** Opening TASK MATERIAL block **

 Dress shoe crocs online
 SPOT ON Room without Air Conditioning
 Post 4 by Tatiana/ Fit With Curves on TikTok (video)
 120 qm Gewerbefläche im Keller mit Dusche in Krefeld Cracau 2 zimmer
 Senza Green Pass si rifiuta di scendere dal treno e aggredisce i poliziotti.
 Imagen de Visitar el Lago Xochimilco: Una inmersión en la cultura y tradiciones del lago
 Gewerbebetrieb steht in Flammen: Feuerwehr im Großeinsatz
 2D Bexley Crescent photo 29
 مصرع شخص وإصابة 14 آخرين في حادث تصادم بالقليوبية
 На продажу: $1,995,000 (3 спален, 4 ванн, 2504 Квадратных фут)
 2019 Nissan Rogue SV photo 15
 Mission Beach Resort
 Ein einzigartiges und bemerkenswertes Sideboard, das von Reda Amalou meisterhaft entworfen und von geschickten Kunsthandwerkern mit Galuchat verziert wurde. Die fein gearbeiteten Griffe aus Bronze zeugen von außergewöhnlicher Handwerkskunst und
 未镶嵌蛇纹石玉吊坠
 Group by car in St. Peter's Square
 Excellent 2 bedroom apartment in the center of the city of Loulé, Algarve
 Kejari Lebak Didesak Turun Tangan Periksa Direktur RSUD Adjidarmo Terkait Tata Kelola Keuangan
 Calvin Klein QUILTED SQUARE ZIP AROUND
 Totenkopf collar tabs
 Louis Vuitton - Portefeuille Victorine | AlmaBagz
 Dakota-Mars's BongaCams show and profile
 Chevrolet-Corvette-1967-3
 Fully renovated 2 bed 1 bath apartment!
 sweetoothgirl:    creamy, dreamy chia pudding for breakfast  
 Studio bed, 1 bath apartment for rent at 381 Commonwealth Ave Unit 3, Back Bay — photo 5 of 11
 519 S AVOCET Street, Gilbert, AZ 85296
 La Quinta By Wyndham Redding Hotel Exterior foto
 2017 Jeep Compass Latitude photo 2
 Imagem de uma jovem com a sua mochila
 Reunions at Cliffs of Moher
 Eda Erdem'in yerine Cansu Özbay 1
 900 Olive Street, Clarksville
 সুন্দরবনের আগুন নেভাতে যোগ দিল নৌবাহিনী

** Closing TASK MATERIAL block **

> [PROBLEM DESCRIPTION]:
Give back, word for word, the lines of the records that run from the one holding "900 Olive Street, Clarksville" to the very last.

> [OUTPUT BELOW]:
 900 Olive Street, Clarksville
 সুন্দরবনের আগুন নেভাতে যোগ দিল নৌবাহিনী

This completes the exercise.